▶ Problem requirements
Once the line containing "Family members praying" is found in the data below, repeat it and every later line exactly, leaving the pictures out.

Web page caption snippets
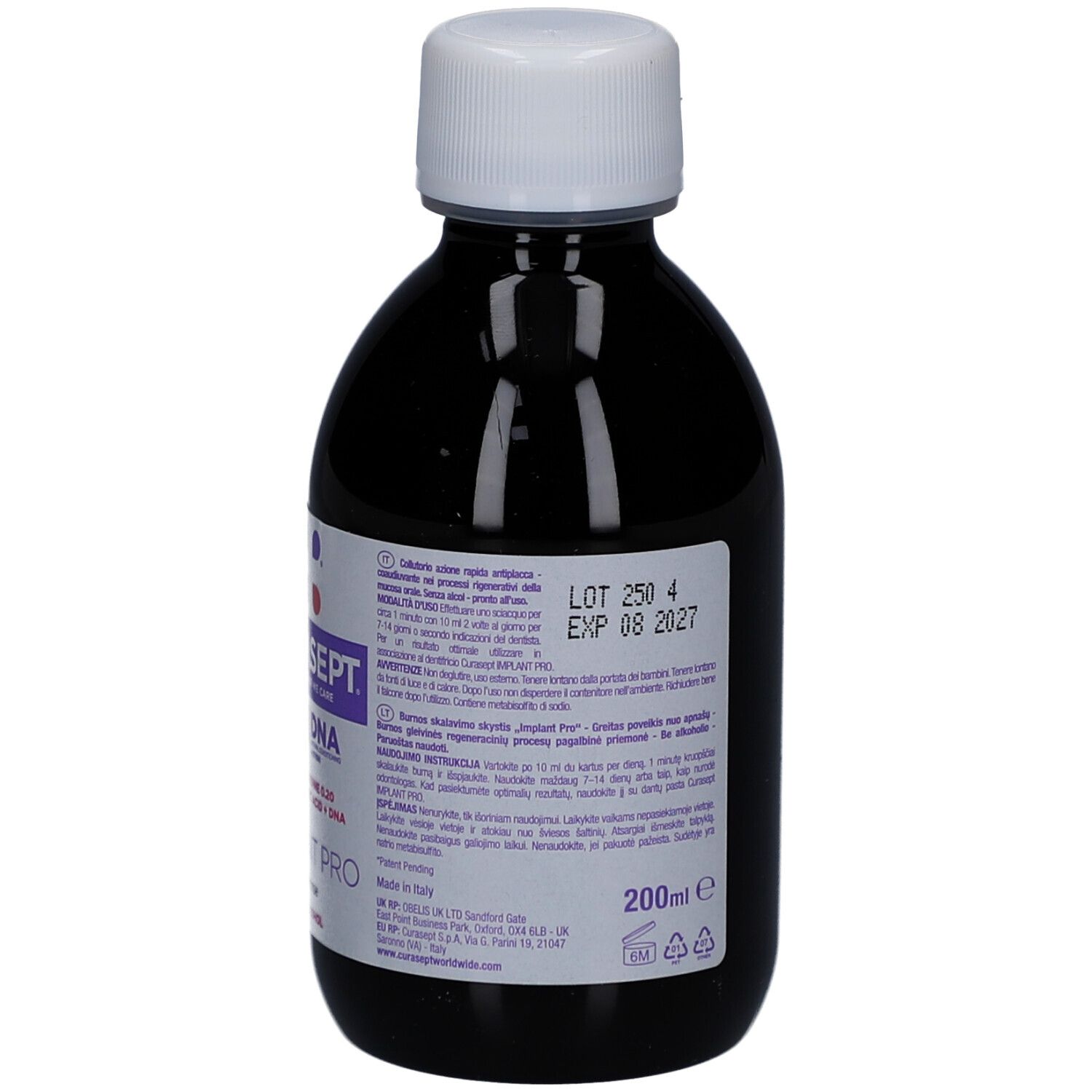Liquide foncé dans une bouteille en verre brun avec un bouchon à vis blanc. Étiquette avec informations produit et mention 200ml.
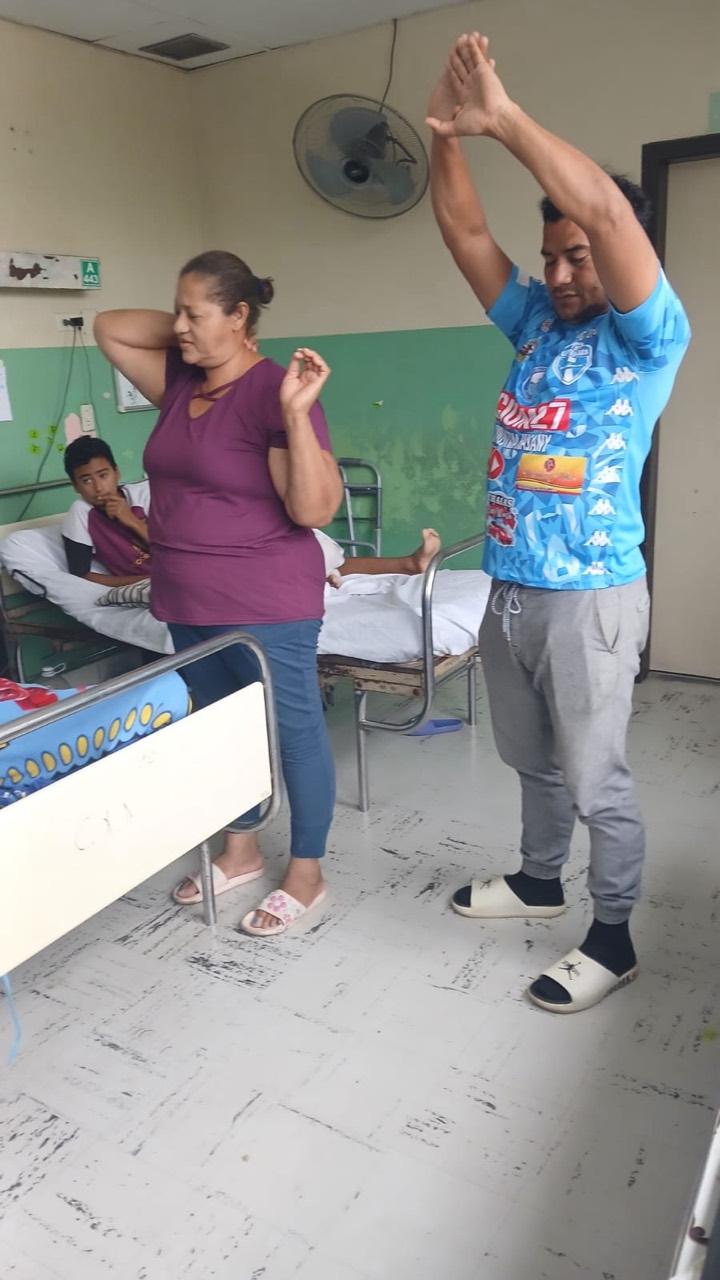 Family members praying together in a hospital room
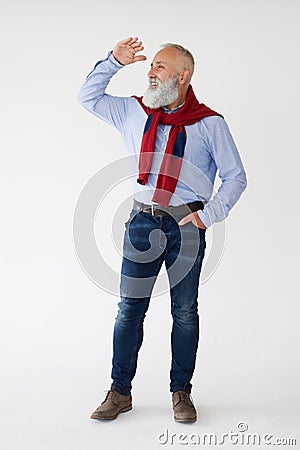 Smiling senior bearded man looking sideway, holding hands near f Stock Photo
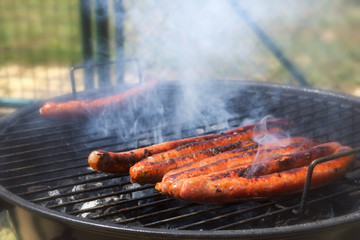 Close-up of a bunch of merguez sausages roasting on a barbecue grill. Selective focus.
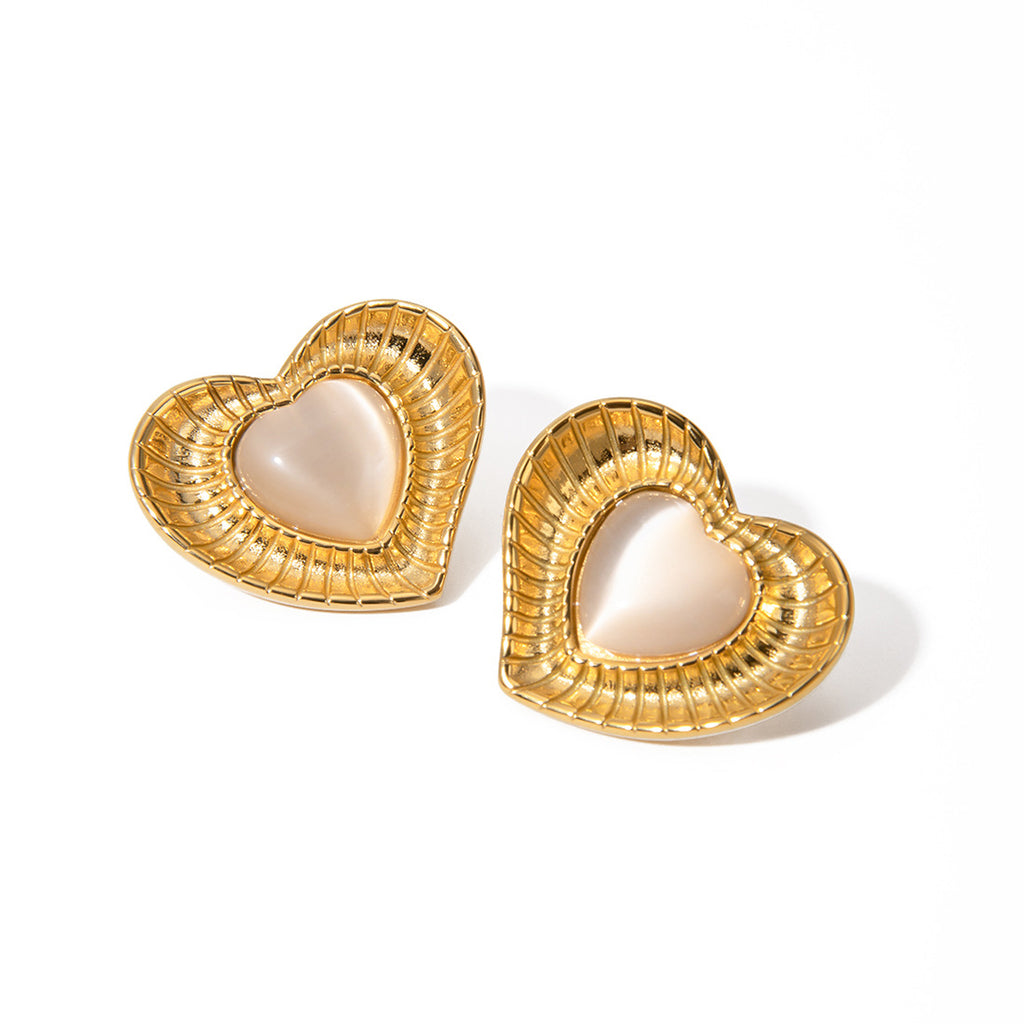 White cat eye stone earrings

▶ Task output
 Family members praying together in a hospital room
 Smiling senior bearded man looking sideway, holding hands near f Stock Photo
 Close-up of a bunch of merguez sausages roasting on a barbecue grill. Selective focus.
 White cat eye stone earrings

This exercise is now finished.